Women leading the tech industry work to shape a more feminine future

Panelist Yvonne Felix, head of partnerships at eSight, speaks during the event’s panel segment. (Alex Pankratz/Ryersonian Staff)

We Are Wearables is aiming to create a more feminine future for Canada’s tech industry.

At its monthly wearables event, co-hosted with fashion brand Electric Runway and titled Women and Wearables (WWTO), the goal was to raise awareness, drive conversation and elicit action on the need for diversity in the wearable technology industry. The event was hosted on March 28.

This is the second Women and Wearables event and it featured talks from leading women in the tech industry, along with a panel segment.

These female tech leaders, such as InteraXon co-founder Ariel Garten and Social Body Lab director Kate Hartman, described opportunities and challenges for women in hardware, the need for diversity in tech teams and what it takes to be a female founder.

Some of the wearable tech on display in the demo area. (Alex Pankratz/Ryersonian Staff)
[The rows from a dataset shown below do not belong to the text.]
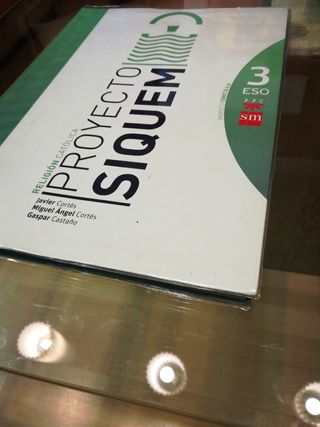 libro religión católica proyecto Siquem de SM 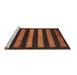 Sideview of Machine Washable Abstract Brown Modern Rug, wshabs323brn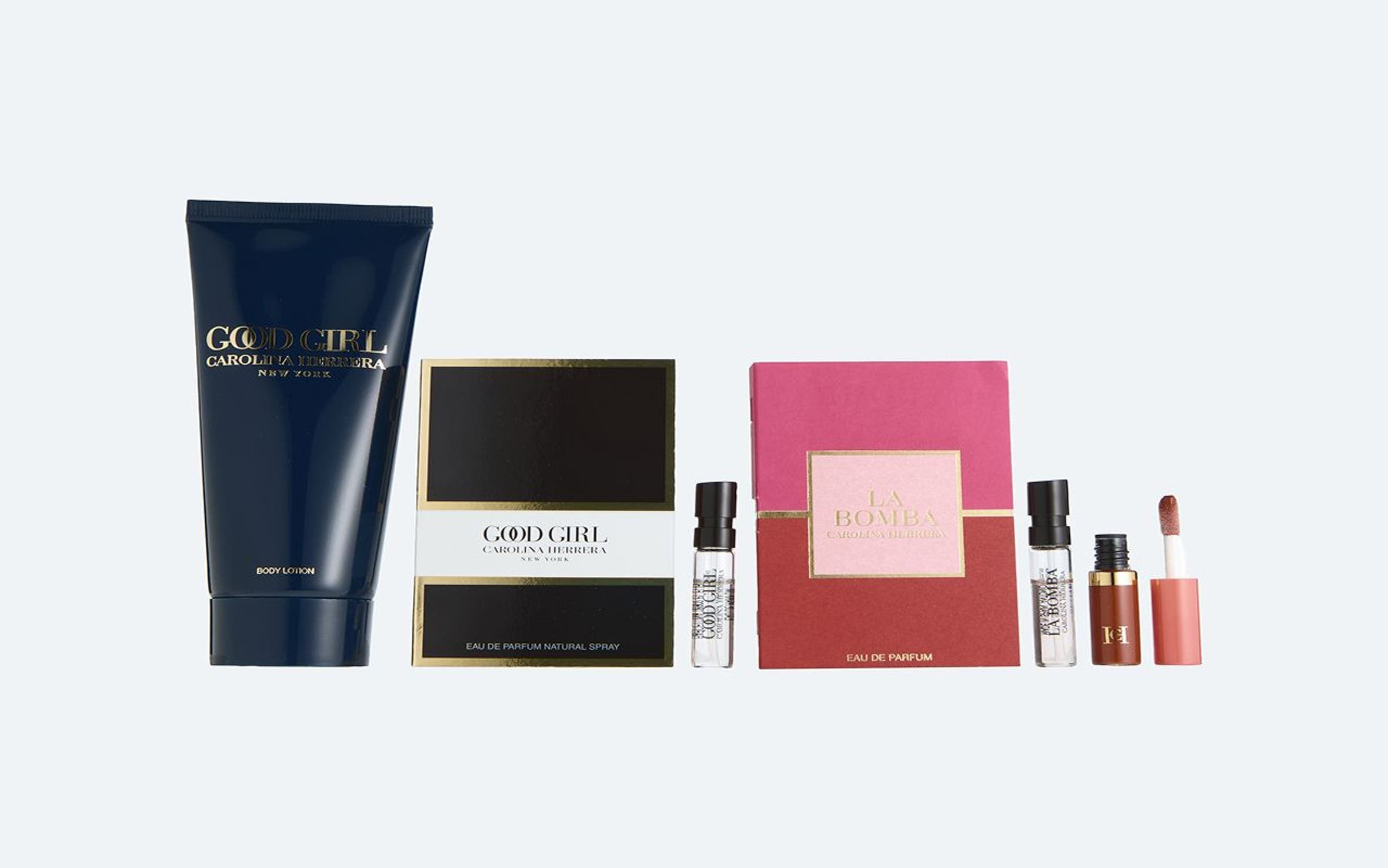 Carolina Herrera gift with purchase.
According to Ryerson University alumna and Electric Runway founder Amanda Cosco, it takes a woman’s intuition.

“It is my thesis that women are emotional and social, but that is exactly what wearable tech needs right now,” said Cosco.

Cosco continued to talk about female empowerment in relation to the Women’s March on Washington this past January.

“Where do males sit in that future if the future is female? Does it mean that the future could be feminine? What would it mean to lead our businesses and institutions with a more feminine approach?”

Gender equality still seems far off in the business realm. A 2013 Industry Canada study shows that more than half of medium-sized businesses are owned entirely by men, while only four per cent are owned by women. Similarly, more than half of small-sized businesses are also owned by men — just 14 per cent of these businesses are owned exclusively by women. The remaining amount in small and medium-sized businesses are of equal gender ownership.

A previous report by the Ryersonian notes that just over 20 per cent of entrepreneurs in Ryerson’s Digital Media Zone (DMZ) are female. While this number is high in comparison to other similar Canadian tech incubators, it remains low overall.

It was through speakers and product demonstrations, however, that WWTO showed Canadian tech companies are making strides to achieve gender equality in the workplace.

An event attendee tries out the brain sensing meditation headband from Muse. (Alex Pankratz/Ryersonian Staff)

According to keynote speaker and chief digital officer of the Canadian Film Centre Ana Serrano, part of accomplishing gender equality in tech involves getting comfortable with being uncomfortable.

“If you’re not feeling the pain of physical discomfort or the pain of social discomfort, then you’re probably not doing anything far enough to change the world,” said Serrano. “Discomfort is our ally.”

Based on observation, there was a fairly equal amount of men and women at the event, which is a good start, but it’s not enough for Karen Kwan, the vice-president of finance and operations at Meta, creator of the first commercially available augmented reality system.

“When it comes to diversity, we all have a role – not just the minority,” said Kwan.

While Cosco said it’s important to talk about all the hardships women have faced and will continue to face in the tech industry, it’s just as important to celebrate how far women have come.

“We can get on this stage and we can talk about the discrimination that women face in tech, we can get on stage and talk about how women only earn [74] cents on the male dollar, and I think those conversations are important,” she said. “But I think it’s also important to highlight the achievements of women in tech and talk about how these women are successful, not despite the fact that they’re women, but because they’re women.”